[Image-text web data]
==================================================

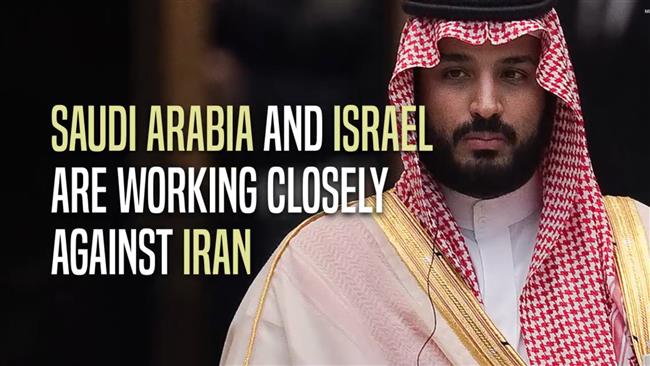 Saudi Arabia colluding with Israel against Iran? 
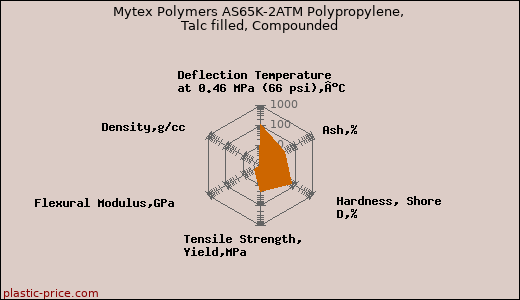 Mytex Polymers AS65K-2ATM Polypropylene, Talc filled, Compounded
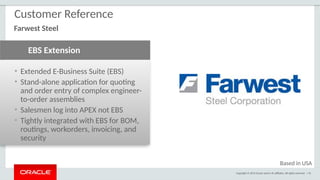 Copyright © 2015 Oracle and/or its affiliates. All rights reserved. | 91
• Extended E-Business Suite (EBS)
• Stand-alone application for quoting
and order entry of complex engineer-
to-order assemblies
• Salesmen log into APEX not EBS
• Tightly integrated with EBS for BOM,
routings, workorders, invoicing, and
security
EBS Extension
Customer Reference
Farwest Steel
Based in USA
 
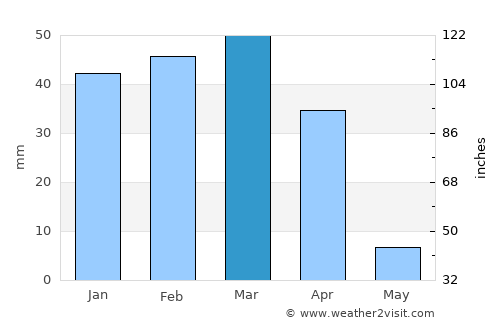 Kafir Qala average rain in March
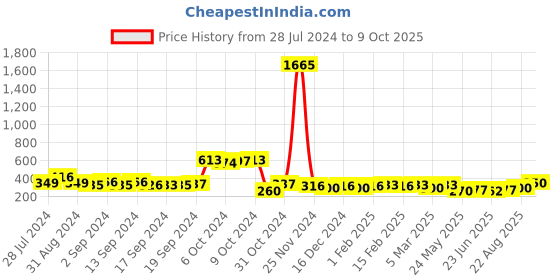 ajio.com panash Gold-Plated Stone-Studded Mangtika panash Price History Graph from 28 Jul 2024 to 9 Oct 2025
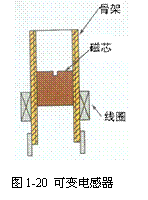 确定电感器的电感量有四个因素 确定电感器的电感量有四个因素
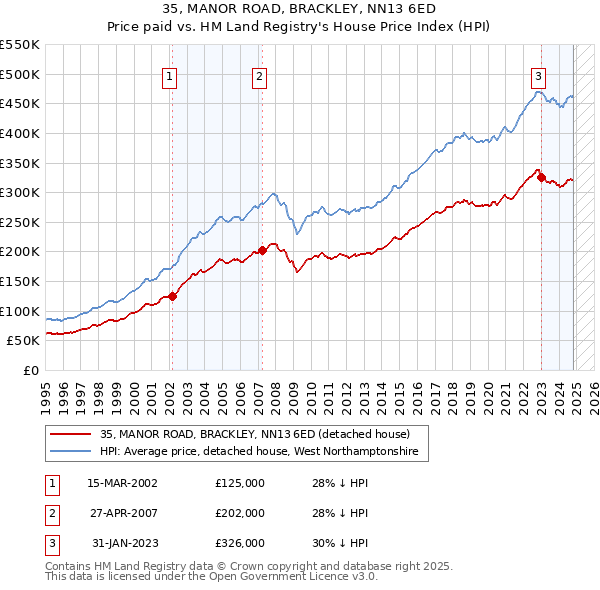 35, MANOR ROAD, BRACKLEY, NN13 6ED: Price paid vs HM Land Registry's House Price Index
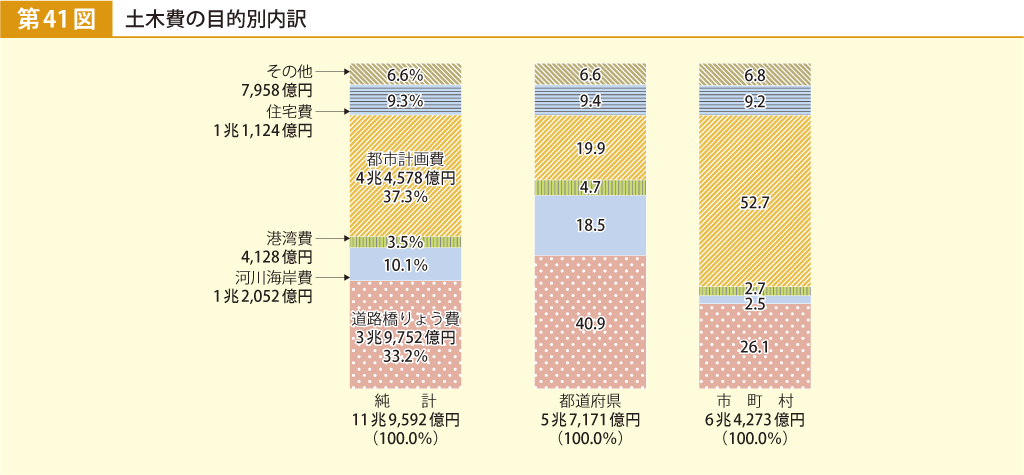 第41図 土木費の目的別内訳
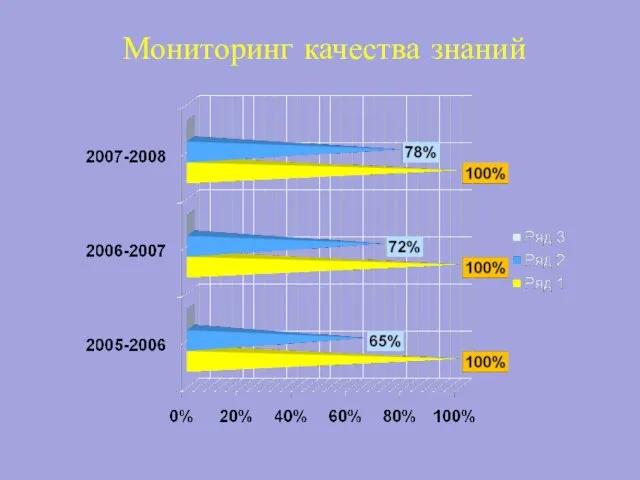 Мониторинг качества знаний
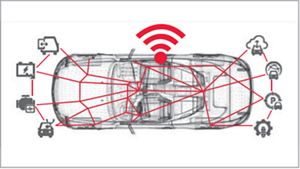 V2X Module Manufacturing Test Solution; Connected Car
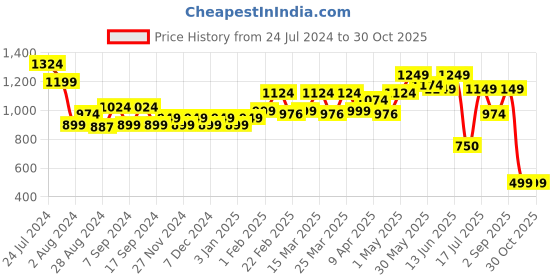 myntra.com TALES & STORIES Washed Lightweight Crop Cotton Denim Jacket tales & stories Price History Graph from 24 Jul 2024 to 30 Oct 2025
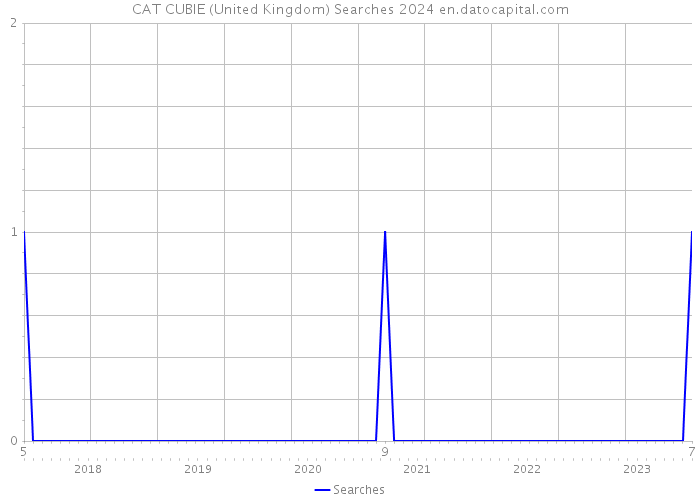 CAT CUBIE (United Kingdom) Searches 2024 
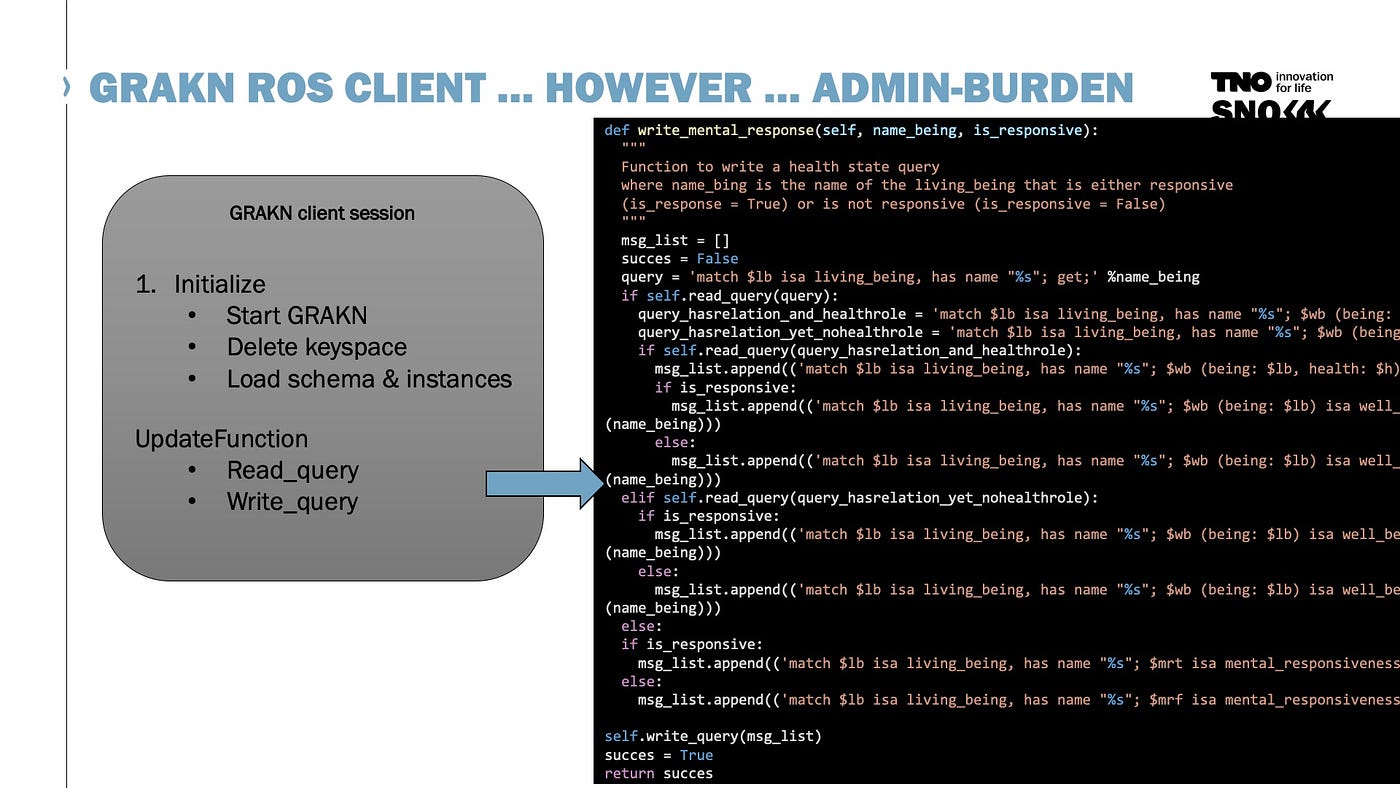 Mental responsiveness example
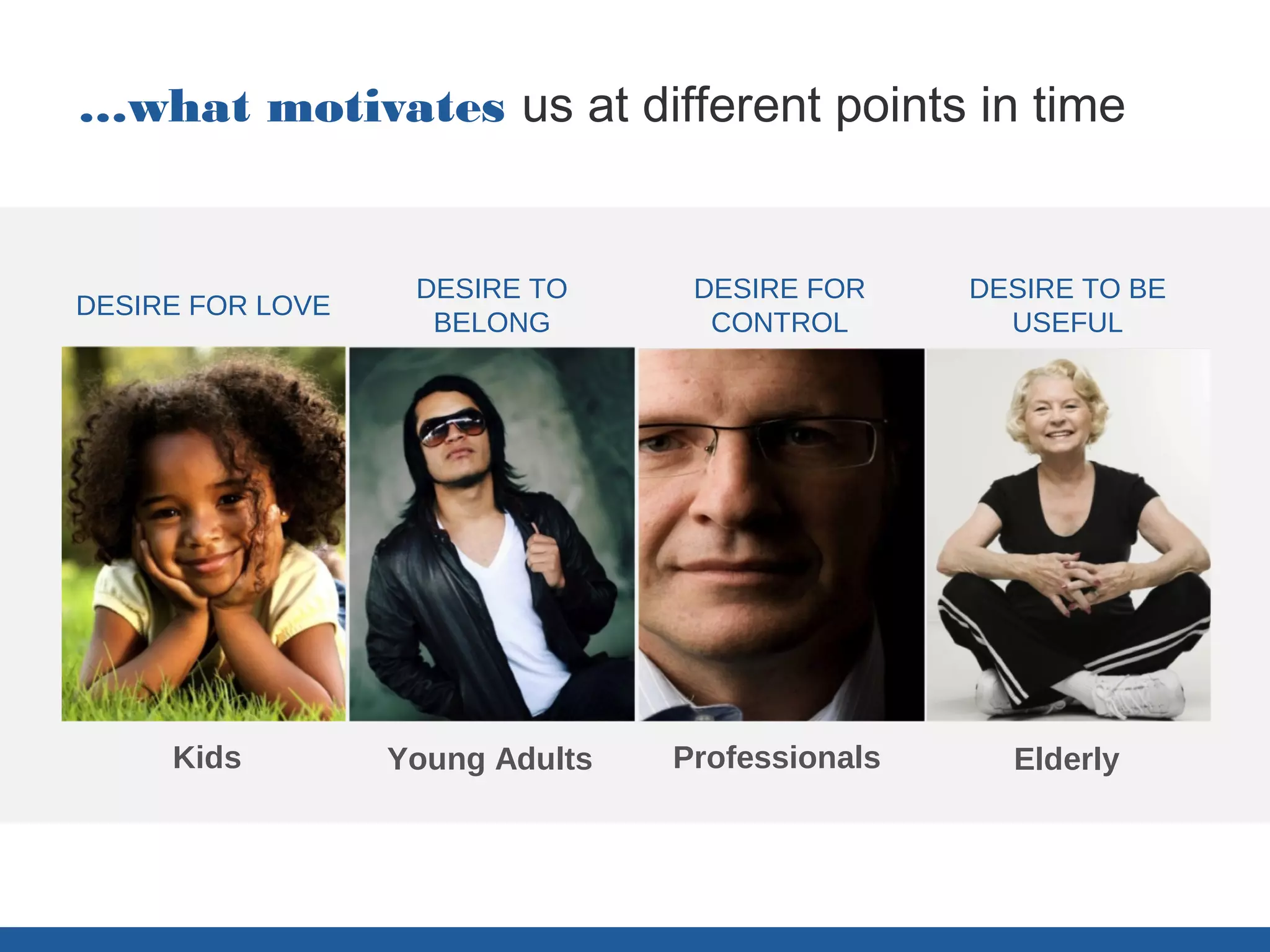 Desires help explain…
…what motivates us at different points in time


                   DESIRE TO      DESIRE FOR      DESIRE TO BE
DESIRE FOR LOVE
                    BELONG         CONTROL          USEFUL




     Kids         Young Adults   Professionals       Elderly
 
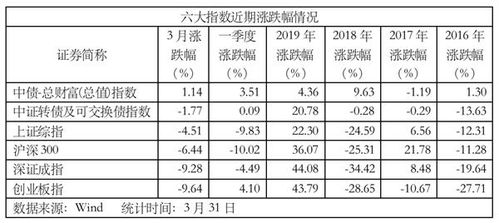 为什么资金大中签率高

==================================================

What is needed:
Output the records above exactly as they are, leaving out the pictures.

Answer to this task:
 Saudi Arabia colluding with Israel against Iran? 
 Mytex Polymers AS65K-2ATM Polypropylene, Talc filled, Compounded
 Copyright © 2015 Oracle and/or its affiliates. All rights reserved. | 91
• Extended E-Business Suite (EBS)
• Stand-alone application for quoting
and order entry of complex engineer-
to-order assemblies
• Salesmen log into APEX not EBS
• Tightly integrated with EBS for BOM,
routings, workorders, invoicing, and
security
EBS Extension
Customer Reference
Farwest Steel
Based in USA
 
 Kafir Qala average rain in March
 ajio.com panash Gold-Plated Stone-Studded Mangtika panash Price History Graph from 28 Jul 2024 to 9 Oct 2025
 确定电感器的电感量有四个因素 确定电感器的电感量有四个因素
 35, MANOR ROAD, BRACKLEY, NN13 6ED: Price paid vs HM Land Registry's House Price Index
 第41図 土木費の目的別内訳
 Мониторинг качества знаний
 V2X Module Manufacturing Test Solution; Connected Car
 myntra.com TALES & STORIES Washed Lightweight Crop Cotton Denim Jacket tales & stories Price History Graph from 24 Jul 2024 to 30 Oct 2025
 CAT CUBIE (United Kingdom) Searches 2024 
 Mental responsiveness example
 Desires help explain…
…what motivates us at different points in time


                   DESIRE TO      DESIRE FOR      DESIRE TO BE
DESIRE FOR LOVE
                    BELONG         CONTROL          USEFUL




     Kids         Young Adults   Professionals       Elderly
 
 为什么资金大中签率高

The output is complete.